Closed Xaia closed 2 years ago

Xaia commented 2 years ago

Describe the bug Not sure what is happening here. I am exporting pretty dense mesh for Omniverse and version with Catmull-Clark on is nearly 3 times smaller than Polygonal Mesh. Any ideas?

Steps to reproduce Steps to reproduce the behavior:

  1. Grab dense mesh from zbrush
  2. Export with and without catmull-clark subdivsion method

Expected behavior I would expect the file size to be similar

Attachments image

Specs (if applicable):

swillisart commented 2 years ago

Hey! So It is not possible to get them to the same size because of what polygonal data each of those options will translate into the file.

Enabling Catmull-Clark will always result in a smaller USD file. What happens and why is the exporter does not encode each meshes vertex-normals.

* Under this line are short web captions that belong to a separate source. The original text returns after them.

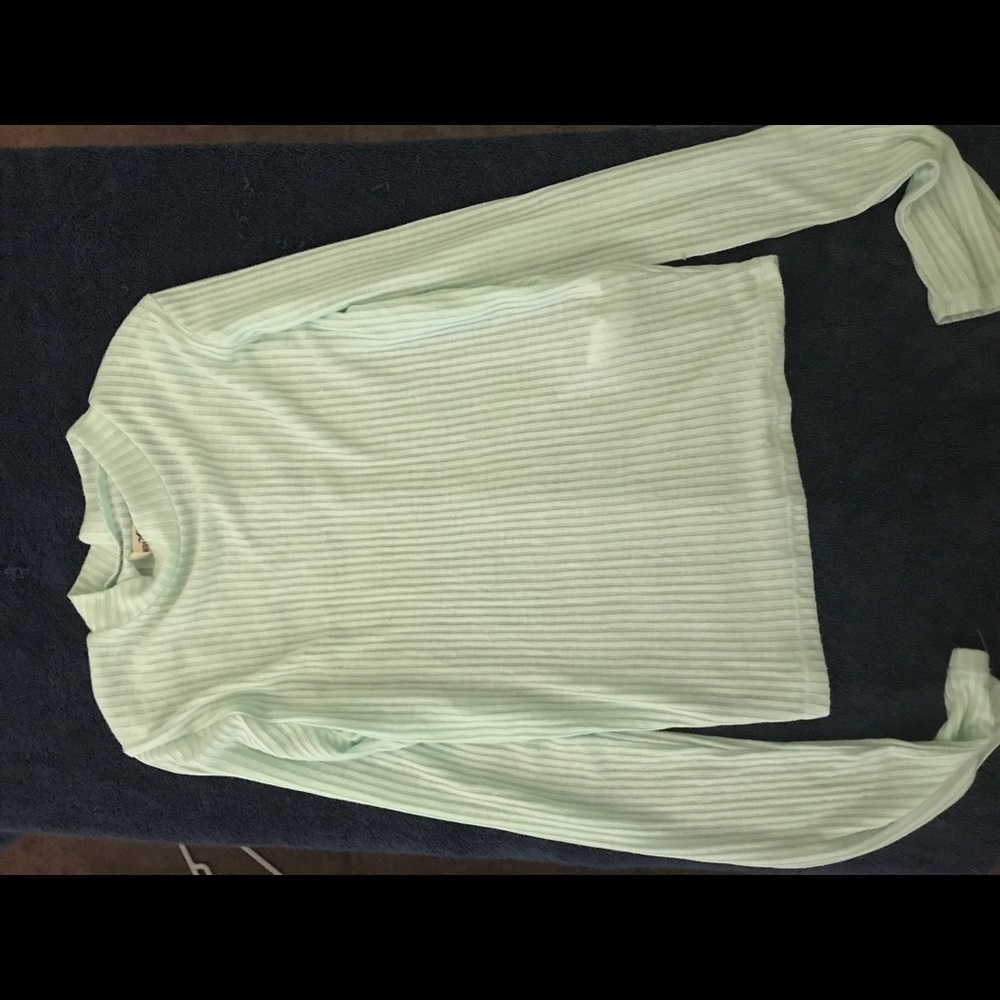 Hollister Long Sleeve Crop Top!!!!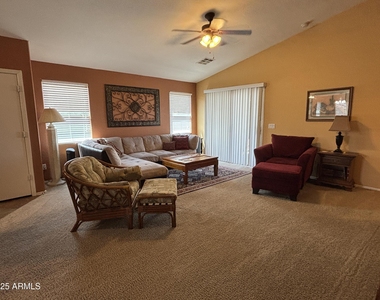 776 W Fairlane Court - Photo Thumbnail 12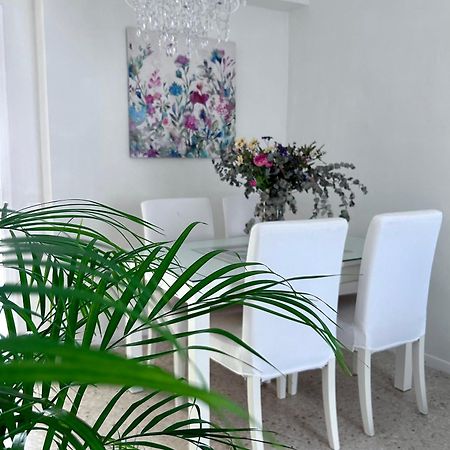 Arco Macarena Apartment เซบีญา ภายนอก รูปภาพ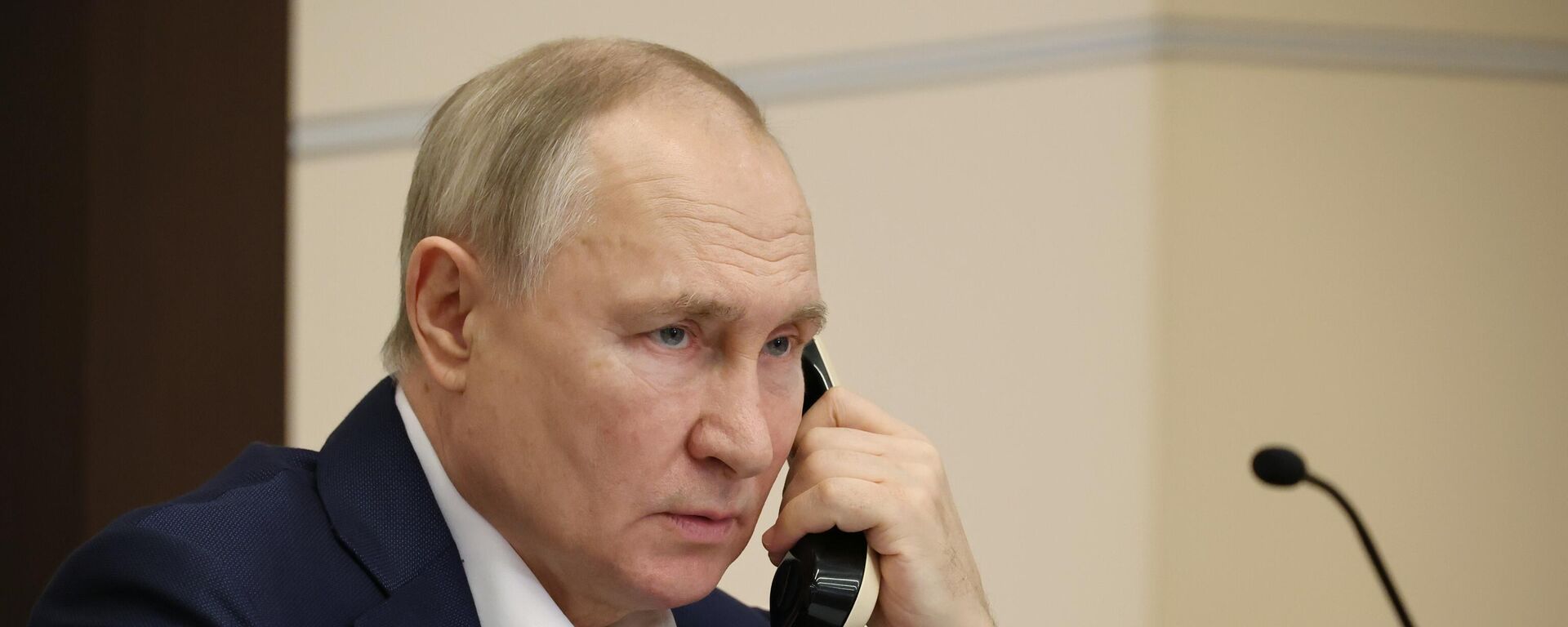 Vladímir Putin, presidente ruso, habla por teléfono   - Sputnik Mundo, 1920, 15.11.2024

In the workflow the mesh would be intended for subdivision (smoothed) so normals are not needed because using subdivision will calculate new averaged normals on-the-fly in the render.

In game engines with the constraints of polygonal limits meshes with encoded vertex-normals are ideal as it would be expensive to calculate them over and over for each mesh on load. So naturally they are written (Cached) into the file.

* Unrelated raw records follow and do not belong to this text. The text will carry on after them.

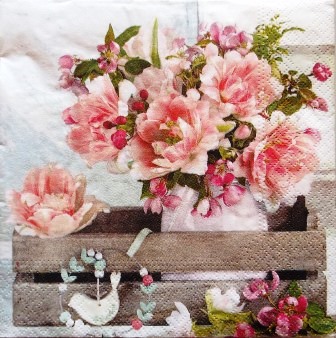 Bouquet de fleurs dans caissette en bois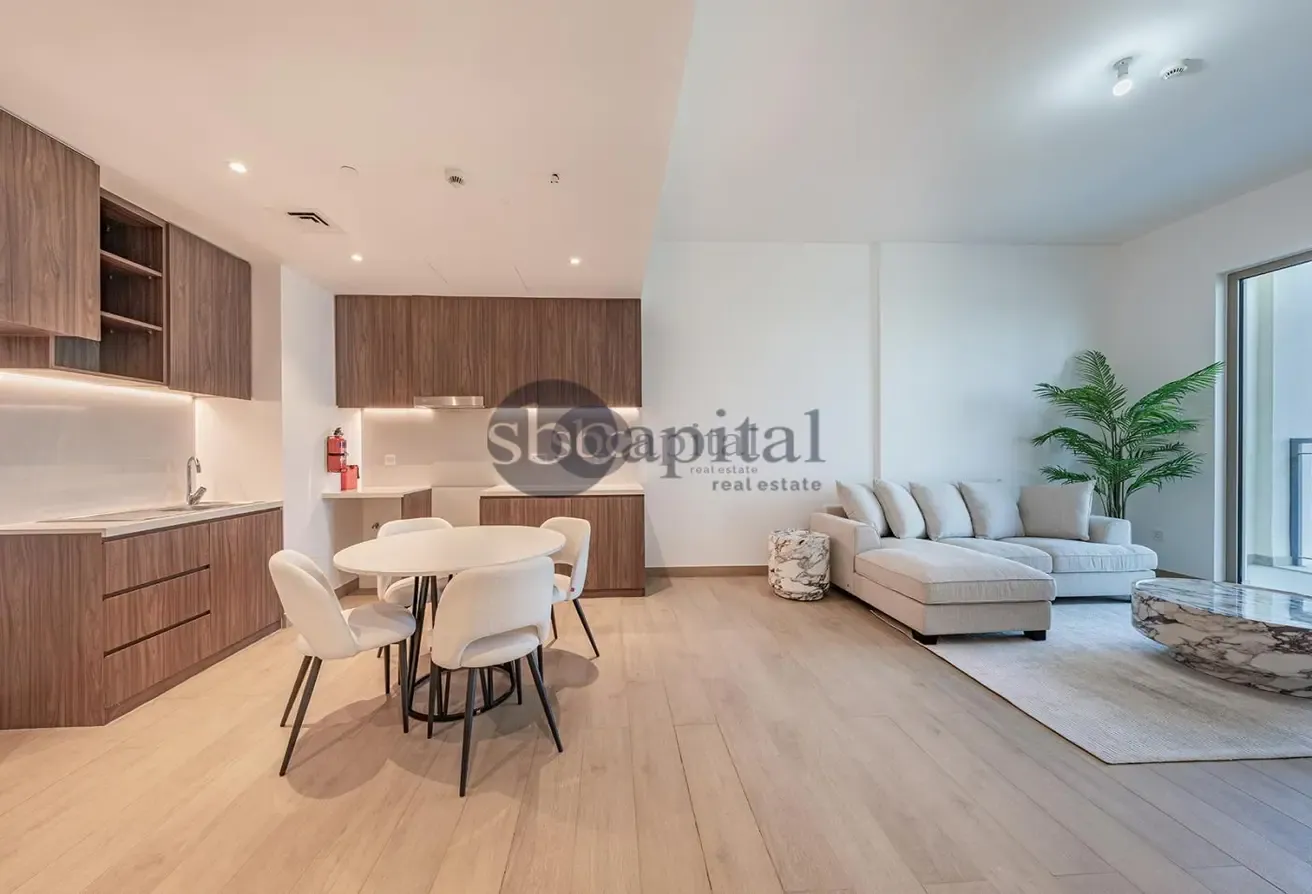 LUXURY UNIT | SEA VIEW | CLOSE TO BEACH|
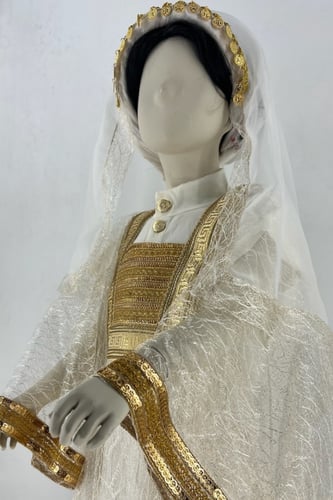 ثوب حجازي مع المحرمة والمدورة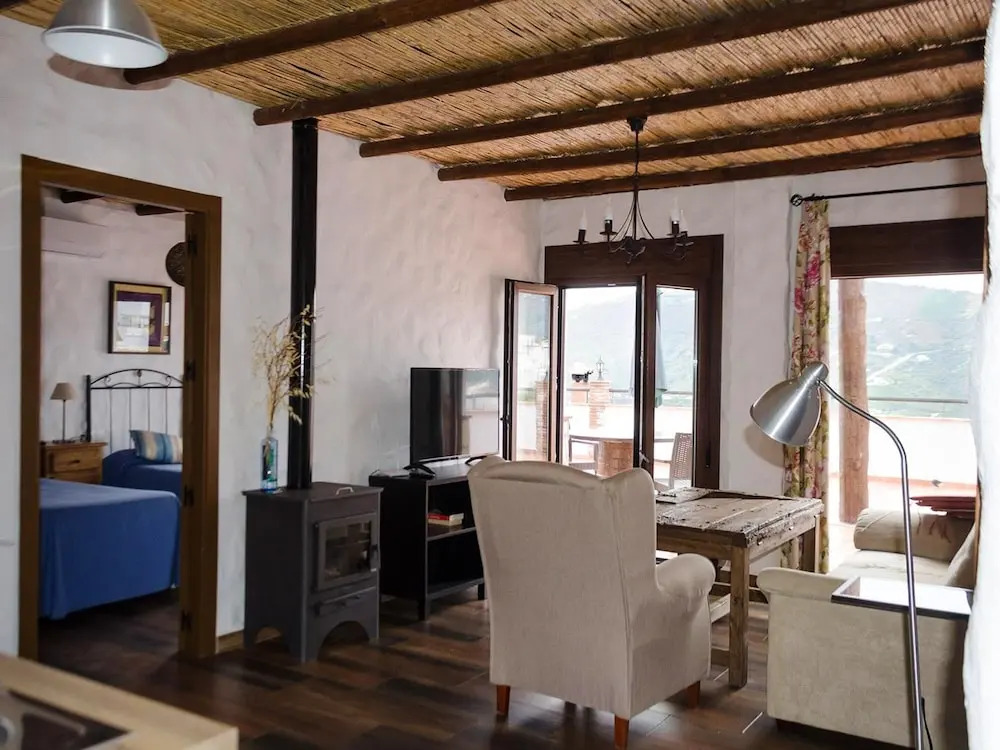 Elegant Villa with Jacuzzi in Canillas de Albaida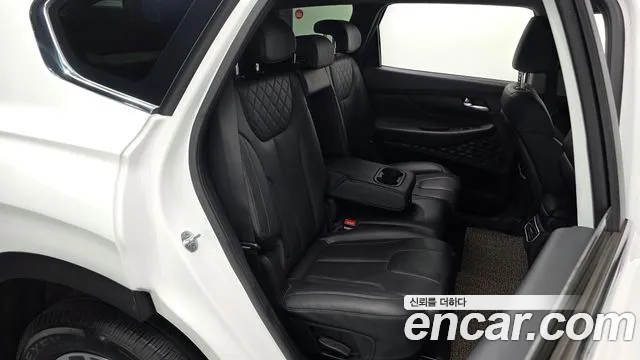 Hyundai Santafe — Фото автомобиля 10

In offline raytracing renders they have more resources to work with and in that workflow the mesh would be designed to be subdivided and smoothed. They have either creases to control edge hardness / softness, fine displacement or simply are modeled so that the subdivisions are dynamically creating the desired result.

TDLR: Polygon surfaces intentionally contain more data for realtime engines and thus larger files.

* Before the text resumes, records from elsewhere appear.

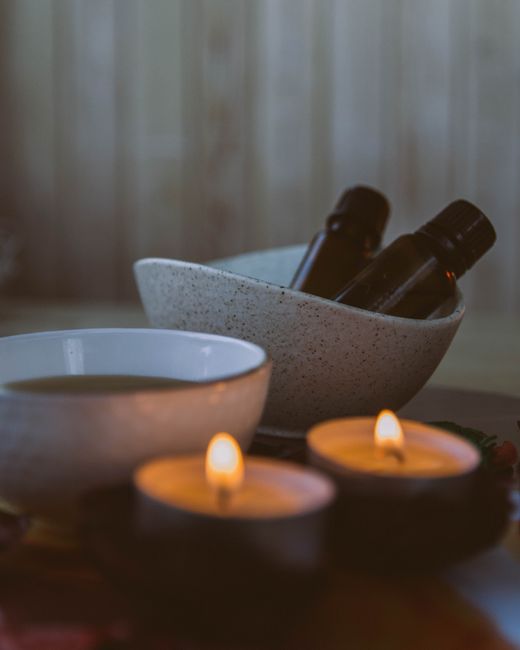 candle aromatherapy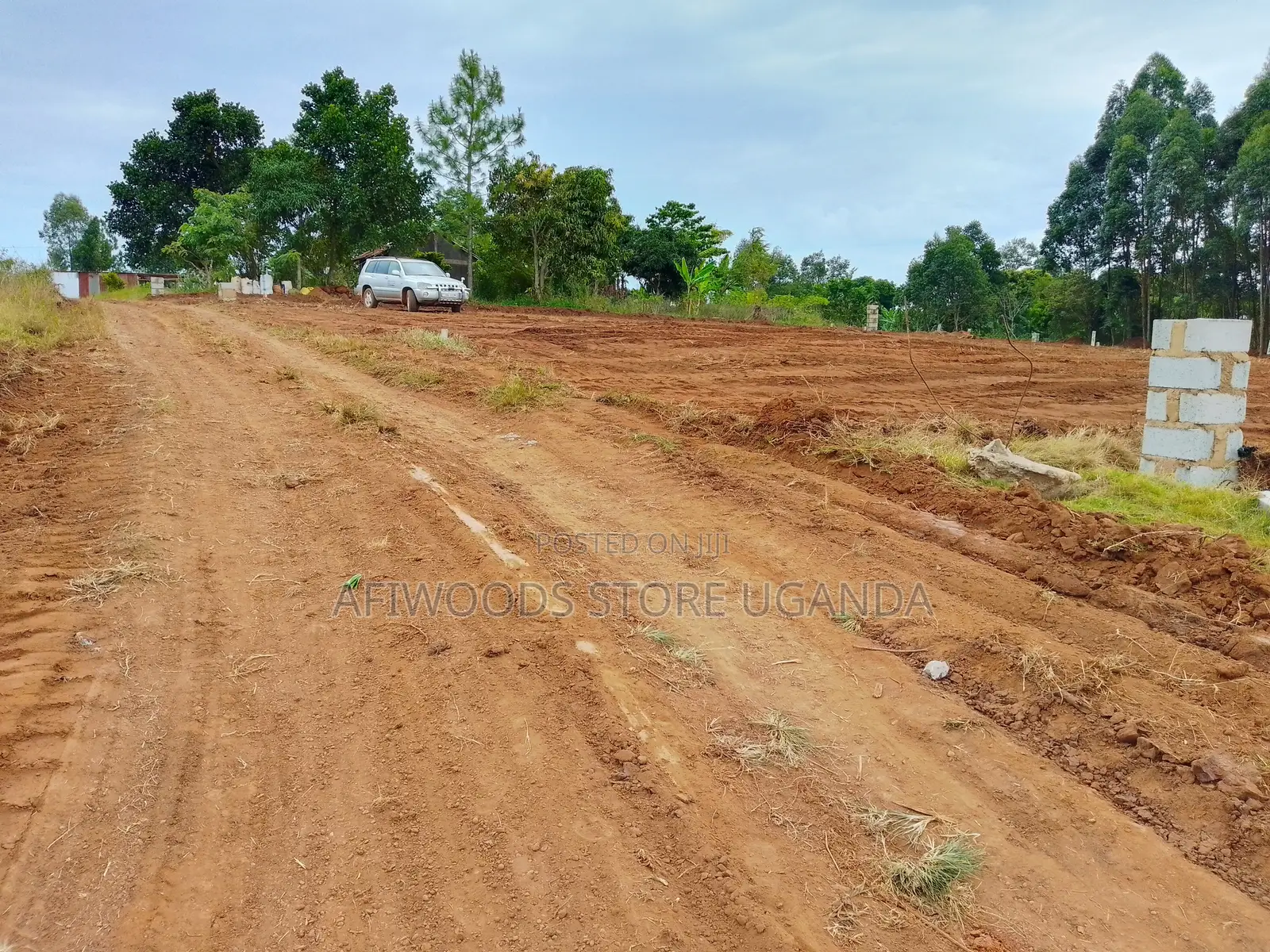 Land for Sale With Land Titles 12 Decimals in Entebbe - Buwaya
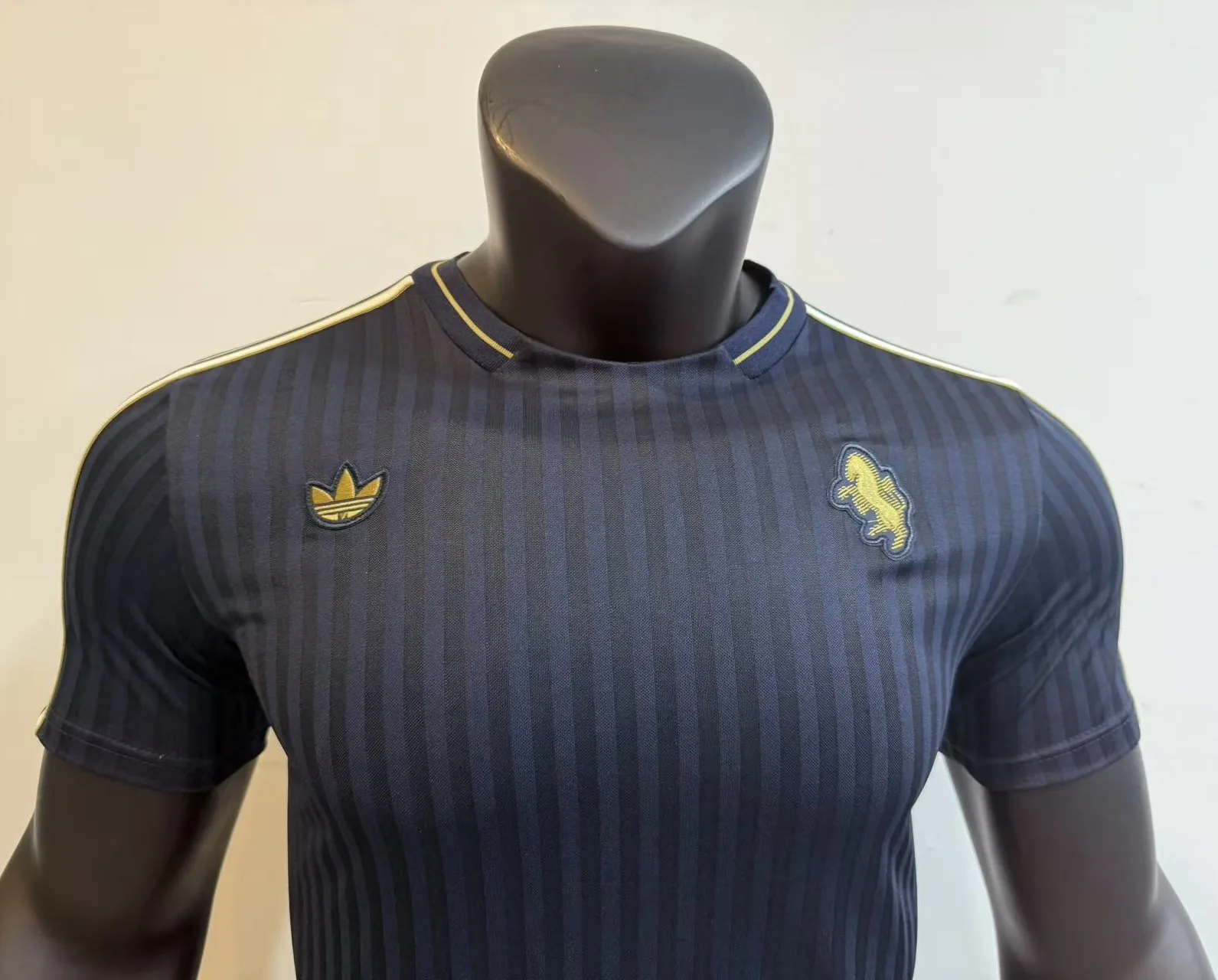 Juventus Camiseta Clásica — 2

Xaia commented 2 years ago

Hey! So It is not possible to get them to the same size because of what polygonal data each of those options will translate into the file.

Enabling Catmull-Clark will always result in a smaller USD file. What happens and why is the exporter does not encode each meshes vertex-normals. In the workflow the mesh would be intended for subdivision (smoothed) so normals are not needed because using subdivision will calculate new averaged normals on-the-fly in the render.

In game engines with the constraints of polygonal limits meshes with encoded vertex-normals are ideal as it would be expensive to calculate them over and over for each mesh on load. So naturally they are written (Cached) into the file.

In offline raytracing renders they have more resources to work with and in that workflow the mesh would be designed to be subdivided and smoothed. They have either creases to control edge hardness / softness, fine displacement or simply are modeled so that the subdivisions are dynamically creating the desired result.

TDLR: Polygon surfaces intentionally contain more data for realtime engines and thus larger files.

That explains everything. Thanks. Closing the issue.